Exercise prompt: Among the entries below, only the lines from the one with "1513 Chisolm Trail Lewisville TX 75077" through the one with "546 Soundview Avenue" are to be retyped, exactly and without pictures.

Data listing:
----

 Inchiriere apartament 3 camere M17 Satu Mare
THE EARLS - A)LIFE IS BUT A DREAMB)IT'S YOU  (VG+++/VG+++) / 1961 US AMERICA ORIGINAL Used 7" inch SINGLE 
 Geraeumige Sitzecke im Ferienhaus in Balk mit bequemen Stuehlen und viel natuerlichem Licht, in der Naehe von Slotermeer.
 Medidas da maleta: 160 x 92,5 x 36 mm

----

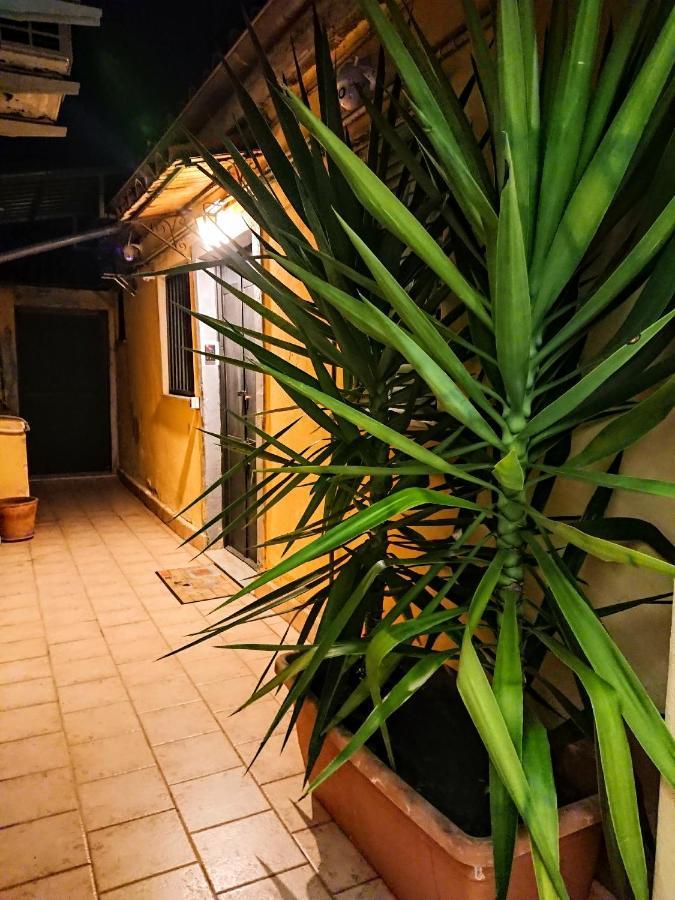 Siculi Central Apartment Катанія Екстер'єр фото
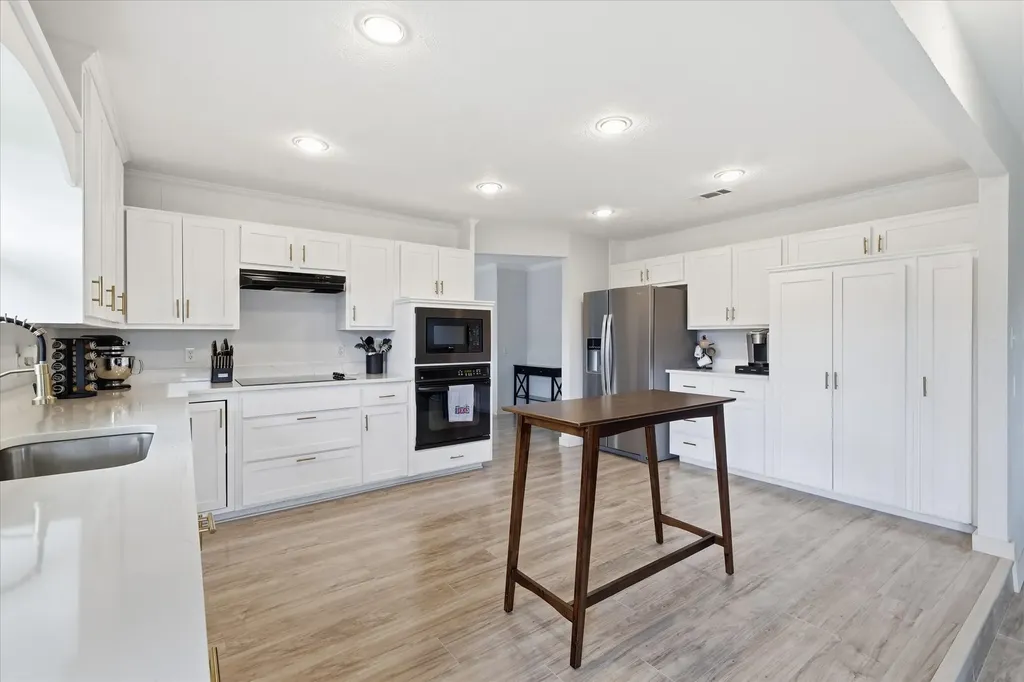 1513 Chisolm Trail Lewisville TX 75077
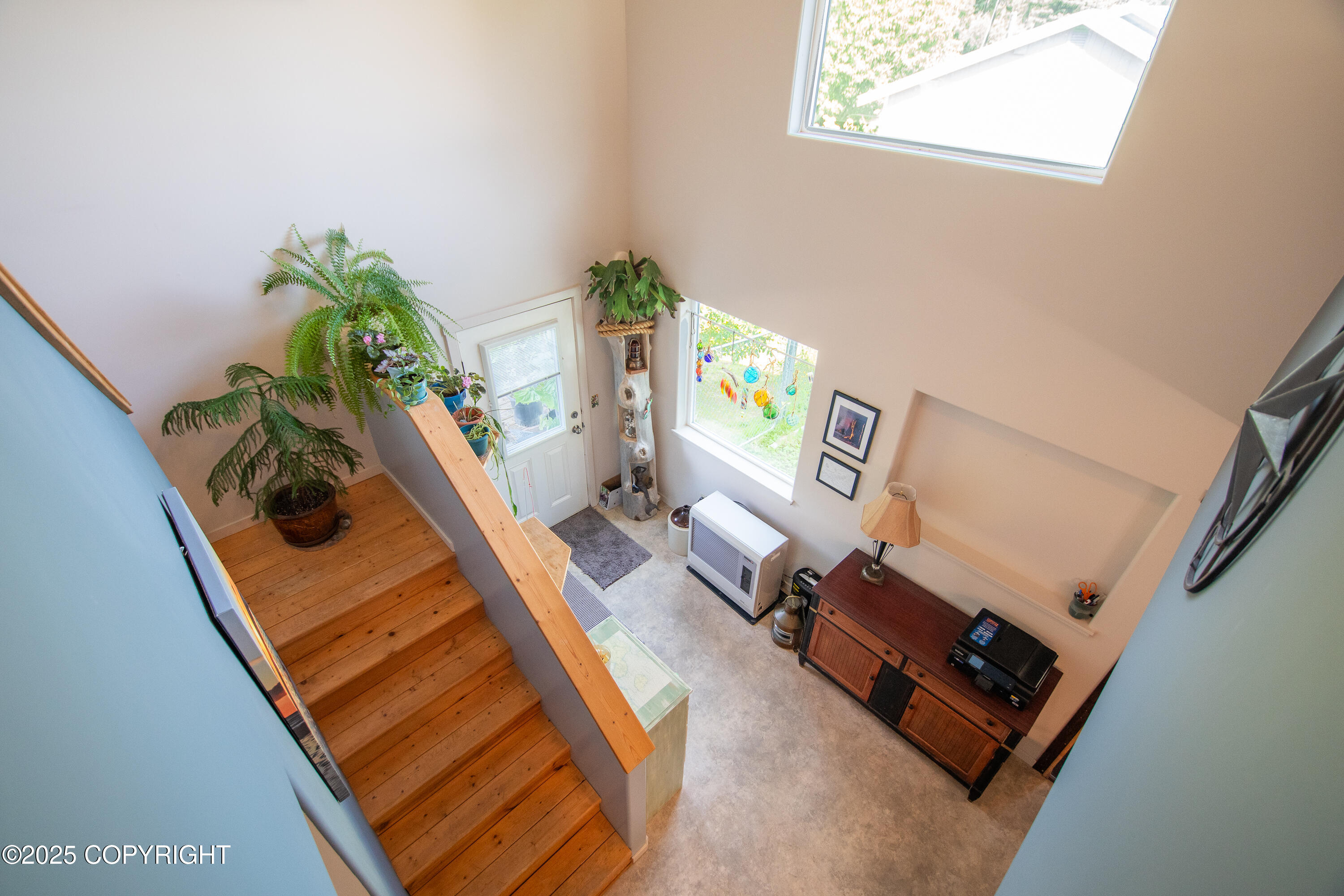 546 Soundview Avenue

----

Result for this exercise:
 1513 Chisolm Trail Lewisville TX 75077
 546 Soundview Avenue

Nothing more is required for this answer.